A brake drum is a metal drum that is used in conjunction with a brake drum friction component known as brake shoes. The drum rotates with the road wheel, and the shoes which are fitted inside the drum are stationary; when the foot brake is applied, the shoes are forced against the inner surface of the drum wall, which slows and stops the wheel.

The brake drum plays a pivotal role in the parking brake operation also. While drum brakes were once the only type of brake available, they are no longer commonplace.

In fact, most modern vehicles employ calipers and rotors, which have largely replaced brake drum technology.

Where’s a Brake Drum Located?

While not as common as they were, drums are still fitted to some vehicles; however, you will only find them on the rear wheels of a vehicle, never at the front.

As modern cars employ an open-spoked wheel design, it is possible to identity which type of brakes your vehicle has without removing the road wheel.

As said, the drums, if fitted, will only ever be fitted to the rear of your vehicle.

Common Brake Drum Problems

Brake drums are tried and trusted and are low technology and, as such in themselves, don’t suffer from major issues. Typically, the only trouble caused is drum wear.

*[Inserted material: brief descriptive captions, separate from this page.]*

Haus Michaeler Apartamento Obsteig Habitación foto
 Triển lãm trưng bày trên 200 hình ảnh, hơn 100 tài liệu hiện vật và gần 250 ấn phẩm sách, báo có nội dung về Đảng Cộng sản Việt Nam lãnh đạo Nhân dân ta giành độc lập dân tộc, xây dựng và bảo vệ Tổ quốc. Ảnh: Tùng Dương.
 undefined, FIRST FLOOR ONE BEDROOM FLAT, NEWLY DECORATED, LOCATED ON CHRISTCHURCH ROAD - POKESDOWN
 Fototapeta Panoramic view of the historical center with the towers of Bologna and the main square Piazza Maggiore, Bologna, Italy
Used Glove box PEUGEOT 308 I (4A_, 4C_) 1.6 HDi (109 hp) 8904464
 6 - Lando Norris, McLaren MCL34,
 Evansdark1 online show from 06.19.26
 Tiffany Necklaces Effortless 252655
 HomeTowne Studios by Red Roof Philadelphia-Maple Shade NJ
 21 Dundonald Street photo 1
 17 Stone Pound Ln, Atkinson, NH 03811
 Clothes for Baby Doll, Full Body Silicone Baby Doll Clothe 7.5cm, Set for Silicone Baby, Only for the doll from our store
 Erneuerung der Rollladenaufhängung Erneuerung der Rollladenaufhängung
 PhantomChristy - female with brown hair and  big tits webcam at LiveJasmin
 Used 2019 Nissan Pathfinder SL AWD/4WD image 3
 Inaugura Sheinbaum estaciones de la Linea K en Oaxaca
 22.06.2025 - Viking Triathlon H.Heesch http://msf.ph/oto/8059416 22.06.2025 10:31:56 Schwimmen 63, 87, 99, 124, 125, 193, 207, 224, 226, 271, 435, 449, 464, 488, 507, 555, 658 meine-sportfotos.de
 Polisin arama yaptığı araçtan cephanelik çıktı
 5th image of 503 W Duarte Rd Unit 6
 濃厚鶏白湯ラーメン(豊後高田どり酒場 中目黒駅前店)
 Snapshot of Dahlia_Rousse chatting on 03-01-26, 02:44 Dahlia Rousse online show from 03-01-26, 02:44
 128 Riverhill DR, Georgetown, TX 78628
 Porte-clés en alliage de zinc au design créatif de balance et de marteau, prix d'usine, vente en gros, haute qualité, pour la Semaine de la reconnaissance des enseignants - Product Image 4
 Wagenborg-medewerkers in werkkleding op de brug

Brake drums employ an inner machined surface that interfaces with the brake shoes. It’s this surface that wears out, gets market, and gets out of shape. The surface may be machined or turned, it’s a process of removing a thin layer of metal, but the machining process importantly makes the drum true again.

Brake drums are marked with a minimum inner drum size; a drum that’s below this number is, as you’ve guessed, at the end of its useful life and not suitable for machining.